Conta a História que no dia 23 de abril de 303, a mando do imperador romano Diocleciano, morreu um mártir do cristianismo, que naquela época, pouco a pouco, permeava a sociedade politeísta do vasto território dominado por Roma, onde apenas era aceito o culto ao imperador. Seu nome atravessaria eras até chegar no século XXI.

Jorge teria servido nos destacamentos legionários do grandioso império romano onde hoje é a Turquia, mais precisamente na Capadócia. O motivo de sua sentença fora professar os ensinamentos de um outro mártir, Jesus, o Cristo, que, ao que tudo indica, pregava a união de seu povo frente aos abusos e imposições do império que dominava o médio oriente. O soldado fora sentenciado à degola por continuar a insistir e afirmar sua fé cristã, mesmo após ofertas de terras e riquezas por parte do imperador.

Esse foi um breve resumo de como Jorge da Capadócia tornou-se um dos santos mais importantes da Igreja Católica, tanto Romana, quanto a Ortodoxa. Indiscutivelmente, é um dos mais populares do Brasil e, sem dúvida, do Rio de Janeiro. Padroeiro de Portugal, sua popularidade chegou em terras brasileiras com a grande leva de portugueses que sempre vinha tentar a vida em nosso país.

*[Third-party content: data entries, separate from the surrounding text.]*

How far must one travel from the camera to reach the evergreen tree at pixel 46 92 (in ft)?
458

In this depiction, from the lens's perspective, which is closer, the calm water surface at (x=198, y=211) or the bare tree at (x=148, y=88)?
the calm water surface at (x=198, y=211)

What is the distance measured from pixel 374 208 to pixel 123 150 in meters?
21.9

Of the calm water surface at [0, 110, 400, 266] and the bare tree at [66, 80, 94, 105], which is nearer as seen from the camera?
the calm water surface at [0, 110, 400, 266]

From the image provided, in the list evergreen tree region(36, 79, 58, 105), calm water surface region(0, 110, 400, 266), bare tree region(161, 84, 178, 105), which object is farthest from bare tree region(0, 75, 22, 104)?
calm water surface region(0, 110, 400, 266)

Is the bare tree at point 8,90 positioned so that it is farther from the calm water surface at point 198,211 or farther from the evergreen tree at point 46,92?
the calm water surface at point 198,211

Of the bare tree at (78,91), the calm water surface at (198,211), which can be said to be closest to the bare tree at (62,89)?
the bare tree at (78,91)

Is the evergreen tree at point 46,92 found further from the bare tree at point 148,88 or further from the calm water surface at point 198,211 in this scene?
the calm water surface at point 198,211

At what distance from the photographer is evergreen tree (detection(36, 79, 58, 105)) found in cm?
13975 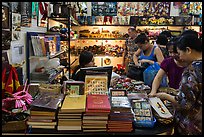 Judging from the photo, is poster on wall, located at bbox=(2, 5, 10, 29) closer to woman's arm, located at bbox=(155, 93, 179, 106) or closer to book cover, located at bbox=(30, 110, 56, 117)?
book cover, located at bbox=(30, 110, 56, 117)

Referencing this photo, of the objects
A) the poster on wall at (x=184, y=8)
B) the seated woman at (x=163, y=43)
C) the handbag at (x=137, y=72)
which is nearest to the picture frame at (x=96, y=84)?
the handbag at (x=137, y=72)

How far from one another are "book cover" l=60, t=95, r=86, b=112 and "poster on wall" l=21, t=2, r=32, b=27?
151 cm

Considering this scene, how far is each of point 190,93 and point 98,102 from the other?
0.65 m

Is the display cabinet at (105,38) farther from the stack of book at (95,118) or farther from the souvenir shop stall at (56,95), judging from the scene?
the stack of book at (95,118)

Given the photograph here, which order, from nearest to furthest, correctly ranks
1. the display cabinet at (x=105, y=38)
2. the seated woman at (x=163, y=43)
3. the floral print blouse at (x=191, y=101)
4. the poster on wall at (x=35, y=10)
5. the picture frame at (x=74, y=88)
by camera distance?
the floral print blouse at (x=191, y=101)
the picture frame at (x=74, y=88)
the poster on wall at (x=35, y=10)
the seated woman at (x=163, y=43)
the display cabinet at (x=105, y=38)

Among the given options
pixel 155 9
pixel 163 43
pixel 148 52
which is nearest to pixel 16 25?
pixel 148 52

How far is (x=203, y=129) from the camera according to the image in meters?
1.63

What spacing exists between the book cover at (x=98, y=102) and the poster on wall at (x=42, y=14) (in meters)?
2.38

Atravessar o Atlântico sempre foi um ato de tornar os santos mais um membro da família. Sabendo das adversidades a serem vencidas em novas terras, desconhecidas durante os dois primeiros séculos de colonização, só exploradas após o ouro de Minas no século XVIII e demarcadas no século XIX com a proposta de uma identidade nacional, aproximar as divindades de si parecia ser a melhor maneira de lutar contra os mistérios da América: Lendas indígenas mescladas aos contos africanos, contos das matas, lendas caboclas. Até o diabo ganhou novo papel na América... E nesse jogo cotidiano de mesclas e sincretismos, São Jorge tornou-se Ogum, para que os negros continuassem a cultuar seu guerreiro nas senzalas. Tornou-se tão íntimo e protetor das classes populares no Rio de Janeiro que até bebe cerveja e está presente nas rodas de samba.

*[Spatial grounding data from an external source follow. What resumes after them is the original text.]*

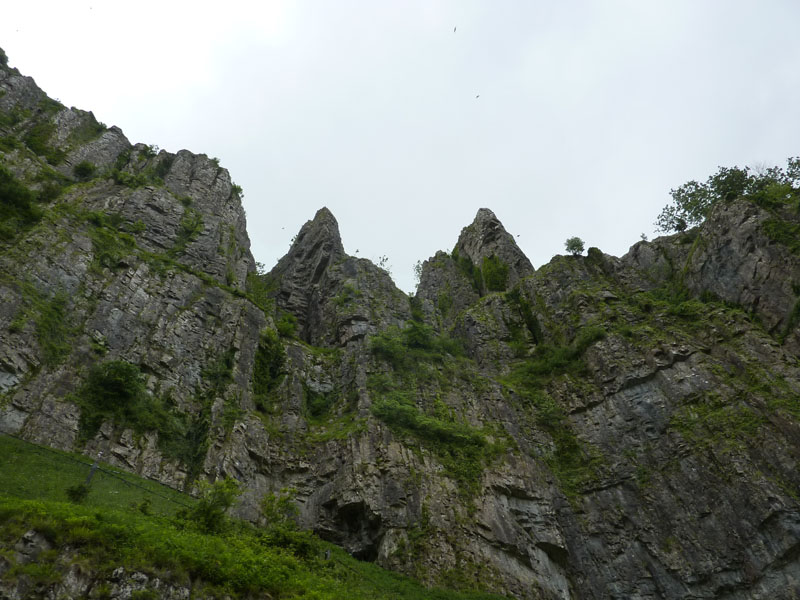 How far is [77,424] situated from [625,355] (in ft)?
111

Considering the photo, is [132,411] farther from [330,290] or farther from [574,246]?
[574,246]

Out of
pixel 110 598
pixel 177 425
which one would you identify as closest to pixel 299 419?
pixel 177 425

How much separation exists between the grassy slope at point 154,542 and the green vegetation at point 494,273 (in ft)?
121

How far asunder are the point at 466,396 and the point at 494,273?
76.1 ft

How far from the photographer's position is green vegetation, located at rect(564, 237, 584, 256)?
52.6 metres

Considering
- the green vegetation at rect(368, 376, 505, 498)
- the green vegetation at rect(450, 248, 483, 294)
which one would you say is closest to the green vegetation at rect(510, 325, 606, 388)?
the green vegetation at rect(368, 376, 505, 498)

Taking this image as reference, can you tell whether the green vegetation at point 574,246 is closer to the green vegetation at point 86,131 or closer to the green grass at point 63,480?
the green grass at point 63,480

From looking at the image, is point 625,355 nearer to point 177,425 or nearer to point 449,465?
point 449,465

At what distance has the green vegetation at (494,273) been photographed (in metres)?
56.7

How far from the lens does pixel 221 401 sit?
31.4 m

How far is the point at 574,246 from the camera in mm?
52906

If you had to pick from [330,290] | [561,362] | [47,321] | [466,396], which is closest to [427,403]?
[466,396]

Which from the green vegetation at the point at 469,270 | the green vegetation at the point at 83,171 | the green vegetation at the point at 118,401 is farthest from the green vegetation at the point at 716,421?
the green vegetation at the point at 83,171

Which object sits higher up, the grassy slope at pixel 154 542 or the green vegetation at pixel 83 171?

Esse caráter foi descrito por Sérgio Buarque de Holanda em "Raízes do Brasil", quando o autor mostra a intimidade gerada pela necessidade de vencer as dificuldades de uma terra desconhecida; a afeição gerada pelo mutualismo na hora de construir uma casa, de cuidar das plantações, de lutar contra nativos hostis à colonização. A necessidade de agir em comum contra o "inimigo" estreitou laçou, criou parentescos que iam além do sangue. A já descrita falta de "orgulho de raça" por Gilberto Freire por parte dos portugueses, longe da metrópole e em uma terra que acreditava-se ser o paraíso (ou o inferno, para alguns), a partir de um cristianismo flexível tal qual o ibérico, permitiu aproximar ainda mais os santos do homem. Outro autor que exemplifica essa atitude é Laura de Mello e Souza, em "O Diabo e a Terra de Santa Cruz", onde mostra a facilidade popular com que se tratava a Virgem Maria e Jesus, ao ponto de ameaçá-los, como o caso de uma portuguesa que gritava em altos tons nas ruas de São Sebastião do Rio de Janeiro que arrancaria os pentelhos de Maria pela mesma ter deixado-a viver nas adversidades coloniais.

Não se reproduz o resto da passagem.